Roxy gave me another dirty look, smiled kindly at Caleb, and then turned away to rinse dishes. The quiet coming out of Roxanne might as well have been the roar of a diesel in a tunnel.

I stuck my head in the paper and thought about it. Caleb had a wife to cook his meals, though now that I thought of it, between his daily breakfasts at Roxanne's and weekly dinners at our house, maybe things weren't so good at home. I gave myself the excuse that I'd been preoccupied lately, rebuilding the broken Ag-Cat, doctor's visits, and I was behind with billing and such, but still…

Roxanne hadn't mentioned anything, but then, why would she start now? She wasn't one to gossip, and she wasn't likely to talk about Caleb unless I asked the right question.

"Roxy, is everything all right between Caleb and Marcy?"

"Not my place to speak about that, but feel free to ask Caleb, if you're so interested."

What she meant was, interested all of a sudden. Okay, I would get to Caleb when I could. And since there was nothing I could do about it now, unless I wanted to pick a fight with Roxanne, I changed the subject, reading aloud while Roxanne dumped coffee grounds. "It says here the Stanislaus County Fair is coming up at the end of the month. 'Exhibit and rodeo entries will be accepted in one week for the—' Think they’d allow an Ag-Cat to run barrel races? Maybe not. Okay, how about floral arrangements—nah, brown thumb. Oh, here's one: 'Ribbons will be given in the jam and jelly category.' I'll bet I could resurrect one of my mother's recipes. Maybe experiment on my own. How about rhubarb jam?"

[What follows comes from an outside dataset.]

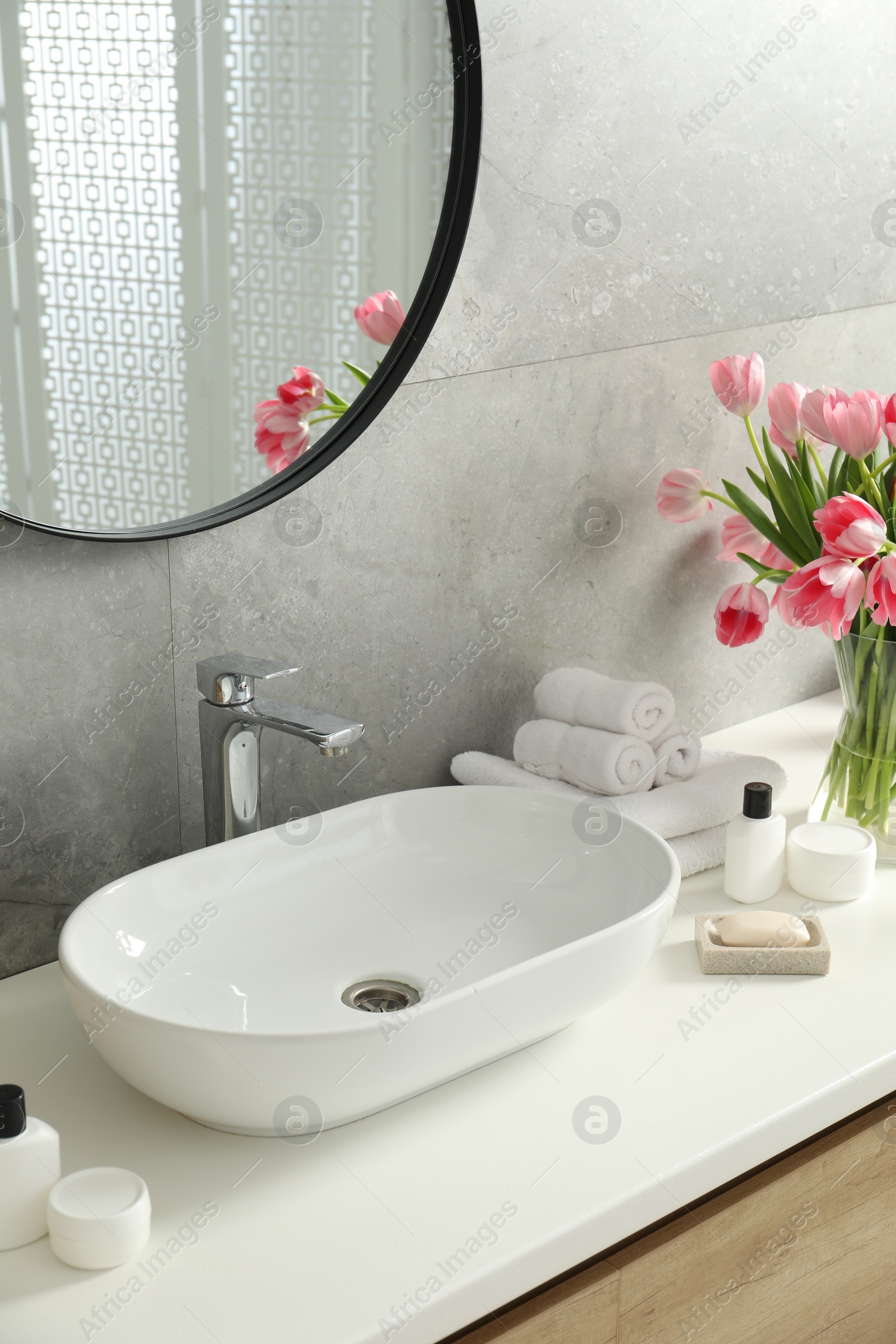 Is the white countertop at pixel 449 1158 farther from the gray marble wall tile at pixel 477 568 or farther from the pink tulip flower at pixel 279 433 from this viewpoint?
the pink tulip flower at pixel 279 433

"Jam?" Coffee pot in midair, her heavy bosom rumbled with laughter at the thought of her friend mixing it up in a competition for which she had no experience, no talent, and certainly no previous inclination. "Oh, girl, that I will have to see."

"You mock me now, but it could happen. Maybe the judges are bored with the same old apricot and pineapple jam. Maybe I'll experiment with a recipe and come up with something that will win. Maybe I'll come back here with a blue ribbon." This was just what I needed. Something to do, rev up the old competitive juices, and take my mind off the inevitable birthday.

Boyd Lincoln, from his usual place two seats down, stopped slurping his coffee and hooted. "Yeah, right. My cow got one of them at the fair. Been meaning to bring it in and show it around. I guess if a cow can get a blue ribbon, so can you, Lalla."

Snickers broke out amongst the regulars. The row of plaid shirts quivered in a wave of amusement, though this time they had the sense to keep their heads down. I made a one-armed swipe at Boyd, but missed. Boyd Lincoln had been causing me grief since kindergarten.

The laughter only yanked up my competitive spirit that much more. "Come on, who wants to go up against me in the jam-making contest?"

I felt pretty safe in this mostly male crowd, and then I noticed Patience McBride at the end of the counter, her recently permed bottle-blond locks bouncing with amusement.

"You want to do this, Patience?" I asked sweetly.

She primped at the curls and adjusted her heavy glasses up a notch. "Who, me? Oh, I don't know, I have my piano lessons and all." Patience was in her late sixties, widowed, her only son dead of a drug overdose, or so the story went at Roxanne's. And, except for her piano teaching and the sophomoric entertainment at Roxanne's Café, she was alone.